In 2011, AGNC filed suit against the PUC, asking a District Court in Routt County to invalidate the PUC’s approval of Public Service Company of Colorado’s (PSCo) requested plan to switch from continuing to use low cost coal to building new high cost natural gas power plants. AGNC’s case is based on several legal defects in the PUC’s proceedings-including that the PUC ignored the plan’s massive costs to Colorado’s economy and to northwest Colorado and because two of the three PUC commissioners should have recused themselves from the PUC’s process.
The PUC and PSCo sought to have AGNC’s case dismissed. Routt County District Court Judge Shelly Hill denied those efforts. In an unprecedented move, the PUC appealed Judge Hill’s decision to the Colorado Supreme Court.

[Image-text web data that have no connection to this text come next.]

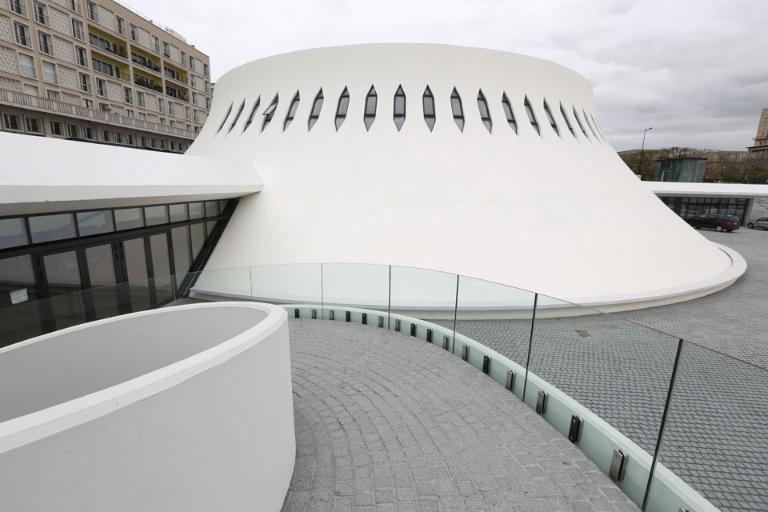 Accès à la bibliothèque.- Photographie, par Philippe Bréard, 2015 (Lire au Havre).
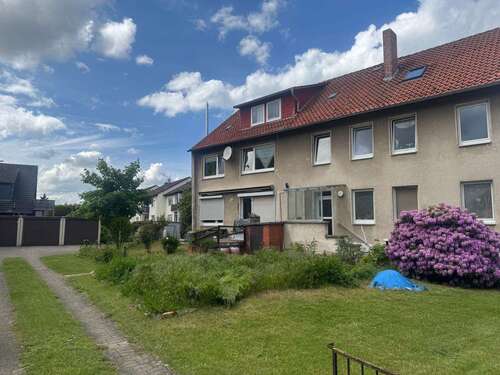 Foto - Haus zum Kaufen in Garbsen 479.000,00 € 280 m²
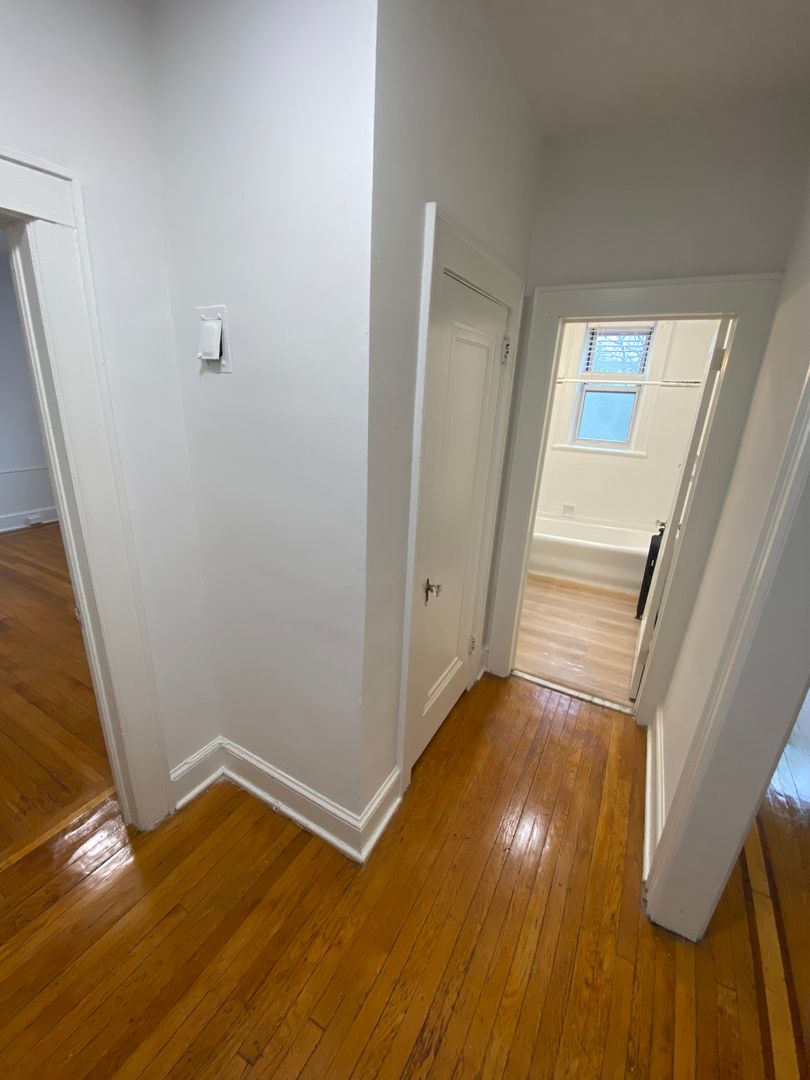 Rutherford Apartment: 154 Union Ave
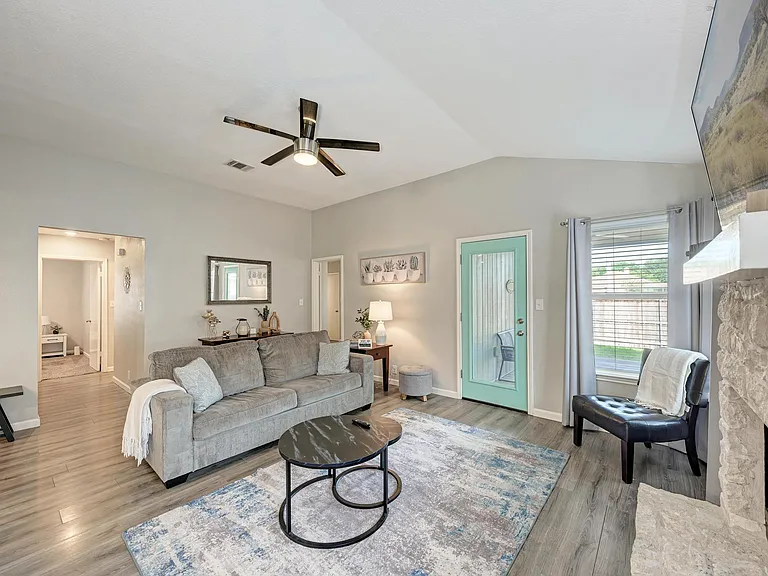 2022 Balsam Way — Photo 9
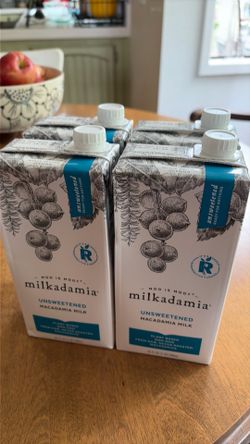 Macadamia Milk (4 - 32oz)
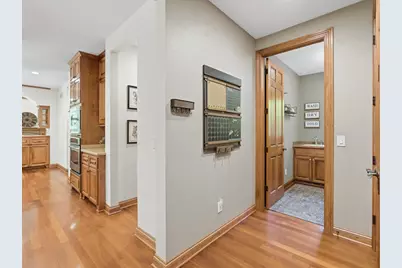 10101 N Hunt Club Ct, Mequon, WI 53097 - Photo 27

“We are very pleased that the Colorado Supreme Court has today made clear AGNC’s right to its day in court. The adverse impacts of the PUC approved PSCo plan on Northwest Colorado communities are staggering. Northwest Colorado communities rely on valuable jobs associated with responsible coal mining and the PUC’s ill-conceived decision threatens these jobs” said Mike Sampson, Garfield County Commissioner and Chairman of AGNC.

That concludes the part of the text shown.